Bukele himself has joked about his autocratic style, tweeting an image of Sacha Baron Cohen’s film The Dictator with the hashtag #NewProfilePic and temporarily changing his Twitter bio to “El Dictator más cool del mundo mundial.” He has also recently criticized the governments of Canada and Belgium for using emergency orders and police forces at home with comments such as “And they dare to say El Salvador is a ‘dictatorship’?” Whether or not Bukele is, in fact, a dictator, his social media branding breaks from type.
Under his leadership, social media has also become a battleground between those who support Bukele and those who don’t. Using hashtags such as #BukeleDictator and #QueBonitaDictadura, each side is engaged in sustained efforts to shape the narrative about the president, particularly through social media manipulation and inflammatory allegations. While online conversations are highly partisan, it is important to note that President Bukele currently enjoys approval ratings of 85 percent for his ability to tackle insecurity and the COVID-19 pandemic. Sharing images of the arrest of drug traffickers, police operations and seizures of cocaine, he has made a point of showing that he can use force against gangs. But as more Salvadoreans get online, the extent of manipulation in online conversations does not bode well for democracy.
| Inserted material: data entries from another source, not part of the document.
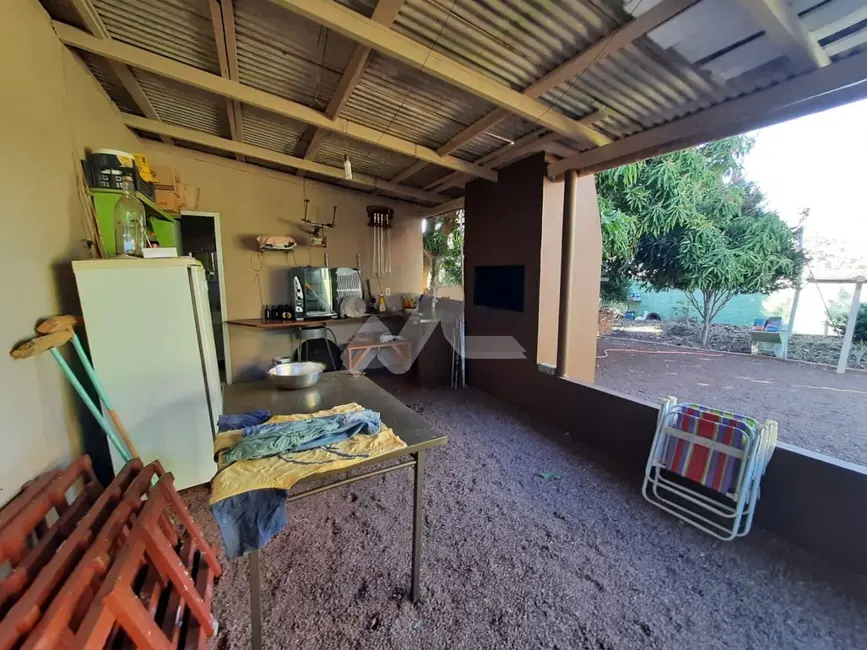 Casa com 3 quartos à venda, 130m2 em Vila Becker, Toledo - PR - imagem 7 Foto 7 de Casa com 3 quartos à venda, 130m2 em Vila Becker, Toledo - PR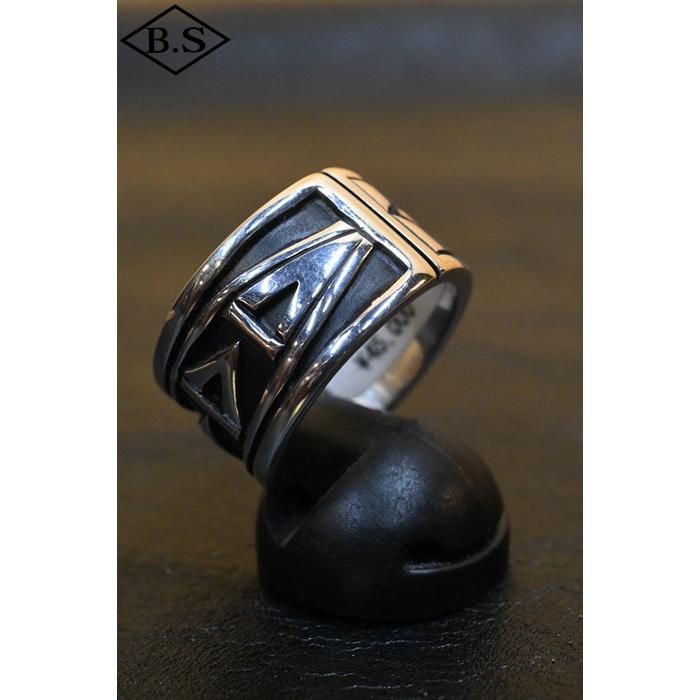 インディアンジュエリー INDIAN JEWELRY 小物 リング F22-308 ナバホ族 KARY BRGAY キャリー ビゲイ 19.5号の画像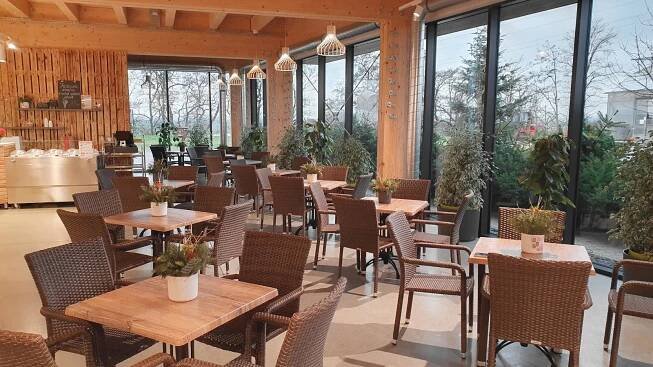Farma Vraňany, nábytek pro restaurace | Ateliér Dako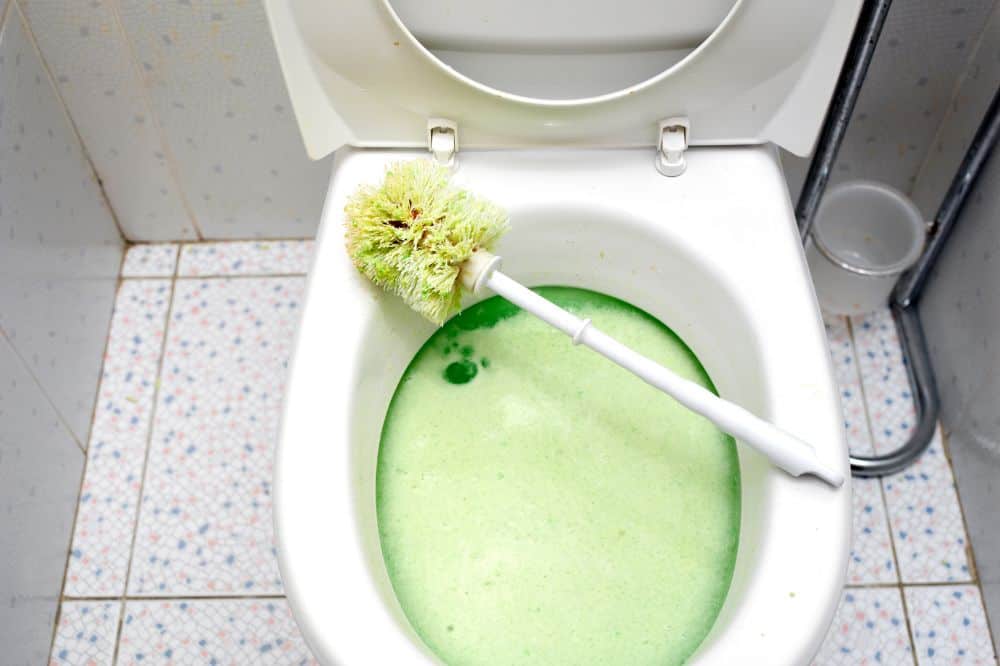 What does a dream about an overflowing toilet mean?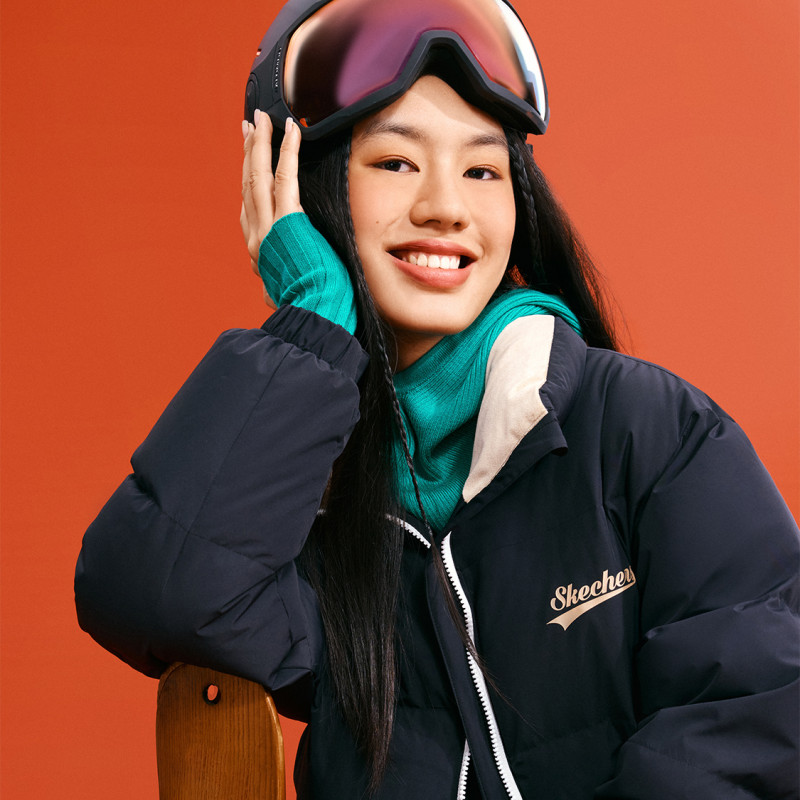 Skechers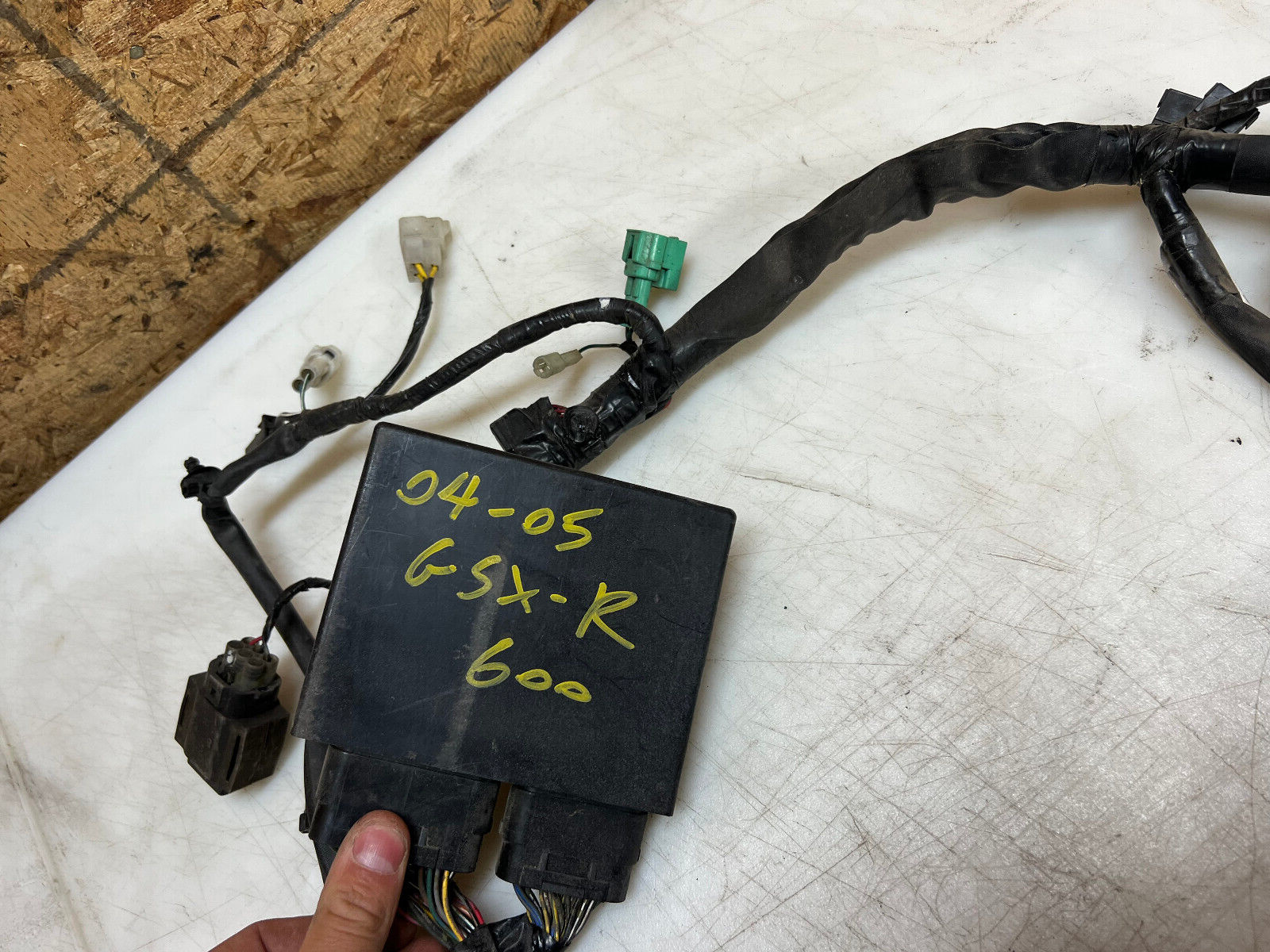 04 05 SUZUKI GSXR GSX-R 600 GSXR600 MAIN ENGINE WIRING HARNESS LOOM ECU CDI ECM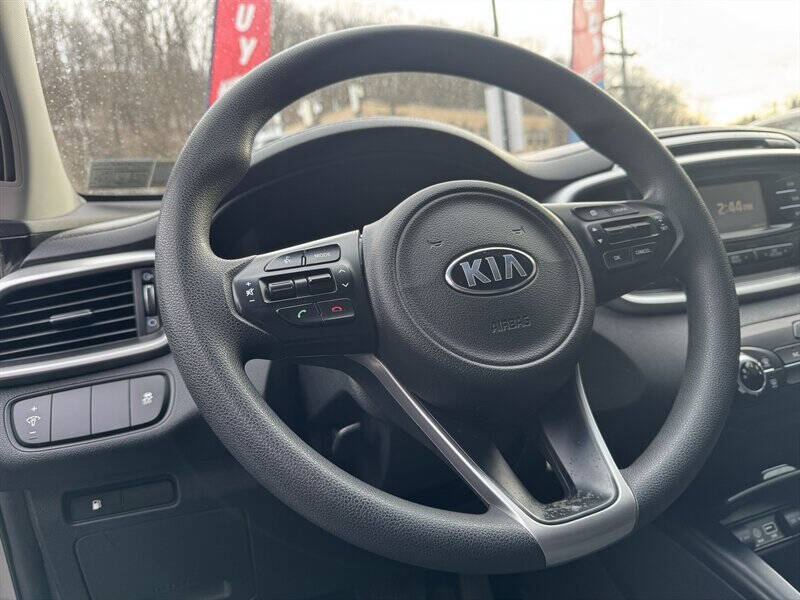 2017 Kia Sorento LX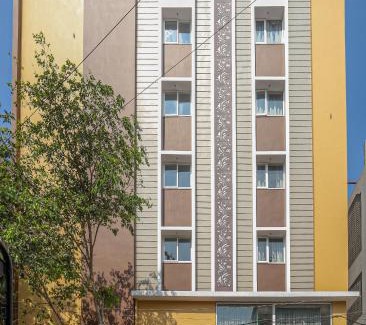 Dwaraka Nagar Hotel | Hotel Lemon Park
Is the democratic backsliding in countries such as El Salvador and Brazil likely to continue, or should we look to countries such as Chile for hope? While Bukele’s increasingly authoritarian rule, including his brashness on social media, is a worrying sign for democracy, the ousting of Hernández and the fragility of Bolsonaro’s leadership also show that weaponizing social media and reverting to spyware is not enough if governments continue to be ineffective.
As Mitchelstein, Matassi and Boczkowski suggest in their aforementioned study, “instead of assuming that social media and their algorithms have either uniform, deleterious effects on democratic practices…we should seek to understand the complex interplay between political institutions, platforms, and users’ practices and interpretations.”
Conversations on social media often lack nuance. It’s therefore especially important for experts and journalists not to replicate hyper-partisan narratives on social media. Millennial authoritarians may weaken democratic values and trust in democratic institutions. But their citizenry deserve better.